[Mailman-Developers] FYI -- mailback validations no longer safe?

J C Lawrence claw@kanga.nu
Sat, 09 Dec 2000 11:24:10 -0800


On Sat, 9 Dec 2000 03:09:26 -0600 
Christopher Lindsey <lindsey@ncsa.uiuc.edu> wrote:

>> I'm passing this along mostly as a FYI, but also as a sanity
>> check. I sent this out to list-managers tonight, to bring up an
>> issue that sort of crystalized this afternoon and made me realize
>> that I think we have the beginnings of a problem in mail list
>> land. Your thoughts are welcome....If I'm right, well, oh,
>> boy. If I'm wrong -- I'd love to find out my idea won't work, but
>> I think it's not only possible, but fairly easy.

> Hi Chuq,

>    Yes, this has definitely been troublesome.  I've blocked many
> commercial sites like findmail.com (egroups) and remarq.com from
> my lists because of their secret archiving that displays email
> addresses to the public, but at least they don't spam the lists
> back.  But of course anyone can browse these sites and get
> addresses to their heart's content, then forge MAIL FROM: to sneak
> mail into the lists.

>    I'm not sure what the right thing is to do.  MLMs like sympa (

>       http://listes.cru.fr/sympa/

>    ) are definitely moving in the right direction with S/MIME
> signatures/encryption and X509 user certs, but that still doesn't
> stop someone from using throwaway certs to spam several lists or
> from harvesting addresses.  

You are failing to distinguish between two problems:

  1) Is this post from someone I know?
  2) Is this post from who I think it is from?
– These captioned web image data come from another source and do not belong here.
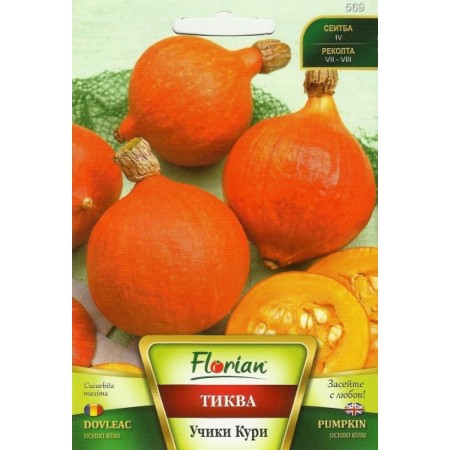 Тиква Учики Кури
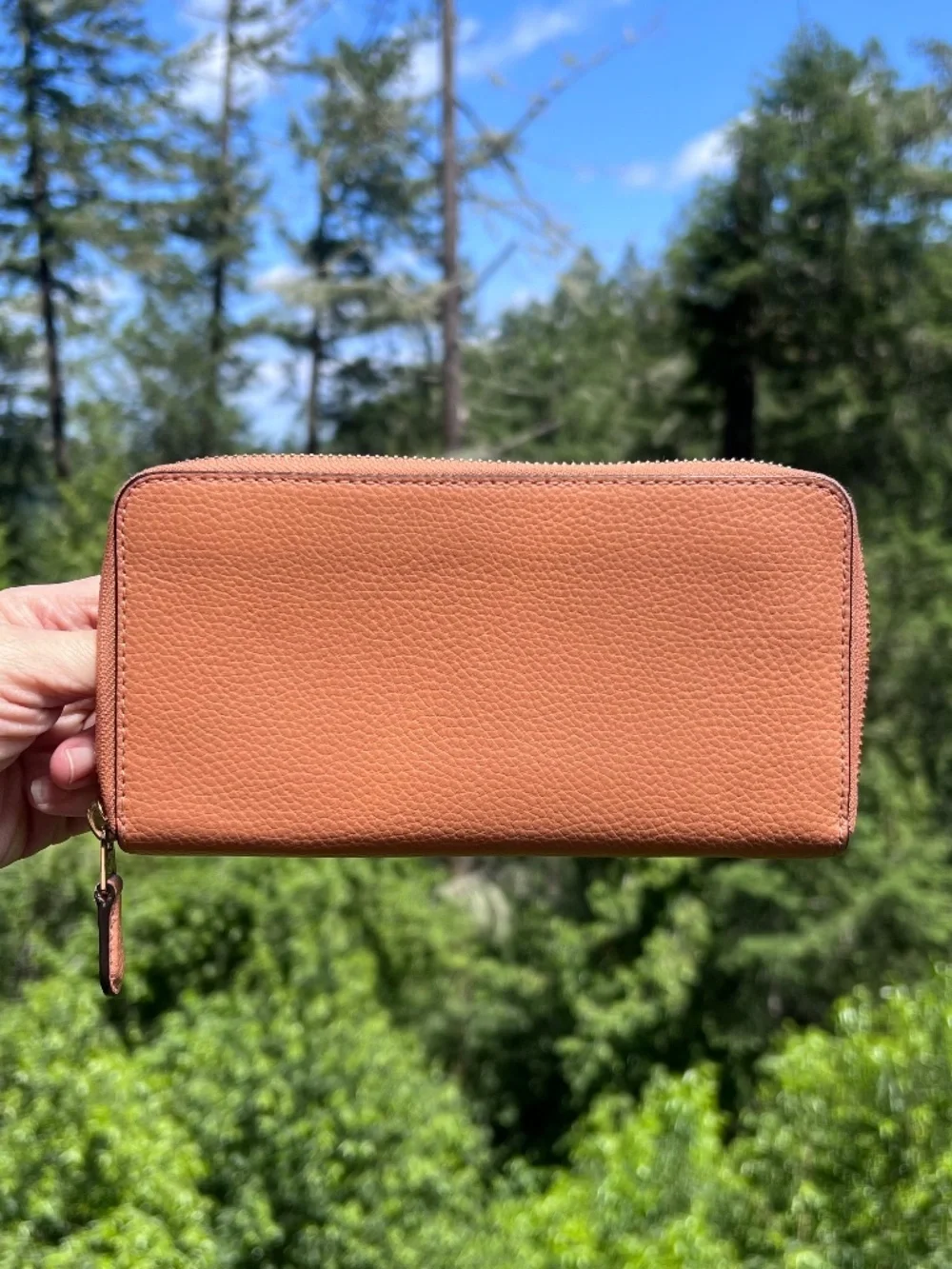 Coach accordion zip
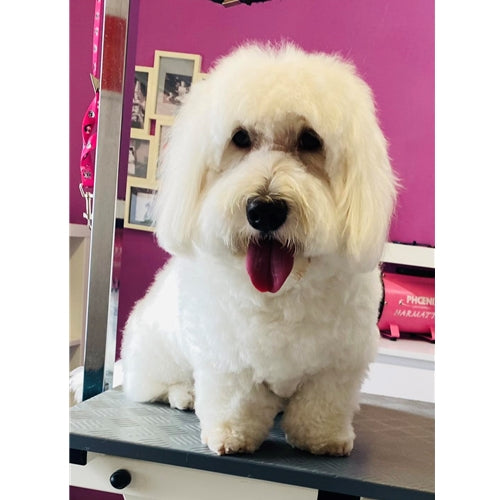 Mr.Pet spletna trgovina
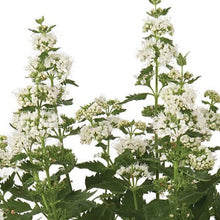 Load image into Gallery viewer, CARYOPTERIS PAVILLION WHITE
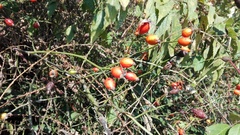 Rosa canina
#1 is handled by any form of digital signature, and is handled
especially well by non-centrally signed/verified forms (eg PGP, GPG,
etc).  All that's needed is for the list member to convey or have
conveyed to you their public key.

#2 is handled by having a public key for a member.  It doesn't
matter if it is signed or if Verisign or some other set of pains
vouch for it.  It merely matters that a current post from them
cross-checks with their signature.

So what problem does that leave?

  Is this post, which comes from a member for whom I have a key, and
  which ckecks against his key, SPAM?

It doesn't matter where the keys or certs come from.  It doesn't
matter if a trusted authority is involved or not.  It is a human
question.  I'm sure that spammers are just as capable as we are at
getting demo certs from Thawte, or in cooking up new GPG keys willy
nilly.  

Again, this is a question of trust networks, and is a subset of the
problem of reputational systems.  Unfortunately, unlike the systems
I normally needing reputational systems that I normally spend my
time looking at, this is not an area which panders to central
databases, and over-arching solutions.  SPAM detection at the
individual membership level is a question of individual evaluation.
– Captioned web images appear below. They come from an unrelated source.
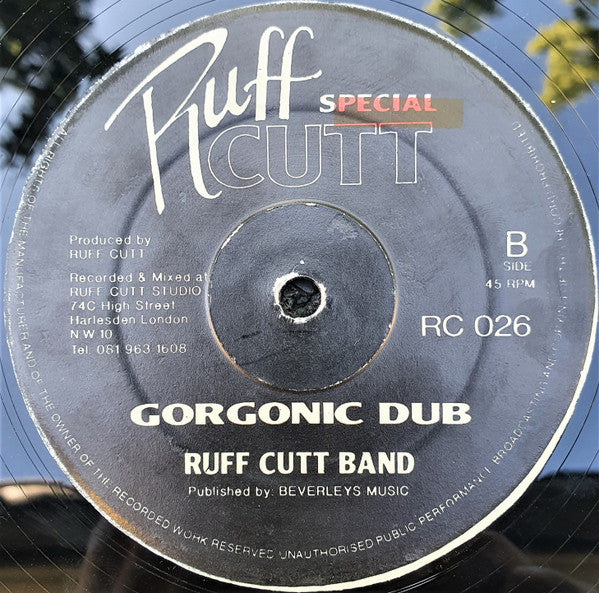 Gregory Isaacs / Undivided Roots : Party Nite (12")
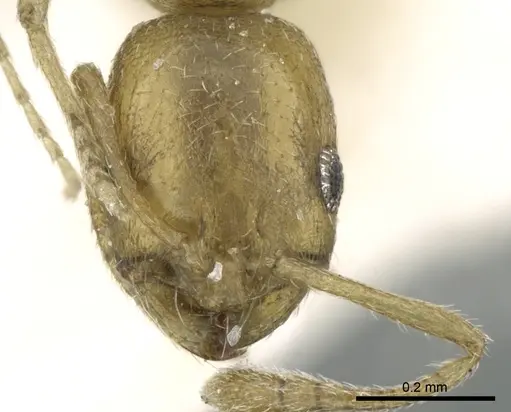 Monomorium majarishe specimen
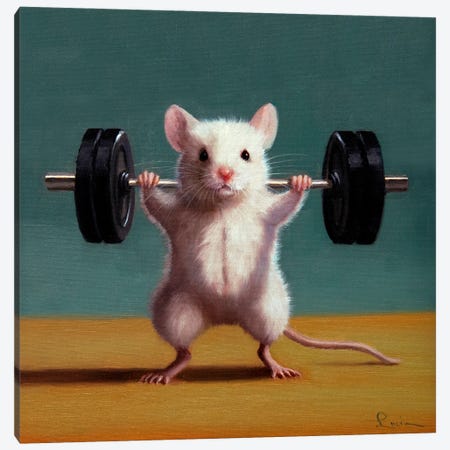 Gym Rat Back Squat Canvas Print #HEF398} by Lucia Heffernan Canvas Art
> The problem is that when these methods are used for authentication
> they just prove that the email address sending the stuff is who we
> think he or she is.  But at least you can't forge the source email
> address to look like it's coming from a list member who is allowed
> to post (well, it's harder :)

It raises the bar to requiring that SPAMers compromise members keys
in a wholesale fashion.  While certainly possible (I spent an hour
last weekend seeing how many exploitable Windows systems I could
find within that hour.  I gave up after about 20 minutes when the
count passed treble digits), the barrier to entry is much larger and
the ROI is much smaller (a compromised key only gains access to a
few lists and posting venues).

> I think that there's an implicit level of trust that has to be
> honored in mailing list management.  Even SASL-based SMTP
> authentication from ISPs isn't going to prevent throw-away
> accounts from being used.  Until we can get a fingerprint or
> cornea scan (or even a driver's license) with each mailing list
> subscription and compare it against a master database (which I'm
> not advocating), you can't be 100% sure of the users.

No.  Think in terms of trust, not identity.  Do you really care that
you can track that particularl membership back to one identifiable
human body?  Really?  Over the entire planet?  Or do you really just
care that JoeBlow has posted signal in the past and you feel that
you can trust him to post signal in the future?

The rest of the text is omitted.